§ Task item: In the material below, find the line with "Sofa 3 personers ARVIKA Velour Sort" and the line with "Tolles Reiseziel Kingston", then output those two lines and every line between them, exactly.

(Beginning of Data extract)

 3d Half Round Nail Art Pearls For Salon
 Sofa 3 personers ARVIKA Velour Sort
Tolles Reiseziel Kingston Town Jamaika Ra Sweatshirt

(End of Data extract)
(Beginning of Data extract)

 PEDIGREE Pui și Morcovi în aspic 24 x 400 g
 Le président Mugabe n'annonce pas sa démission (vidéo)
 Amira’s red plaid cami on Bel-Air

(End of Data extract)

§ Task output:
 Sofa 3 personers ARVIKA Velour Sort
Tolles Reiseziel Kingston Town Jamaika Ra Sweatshirt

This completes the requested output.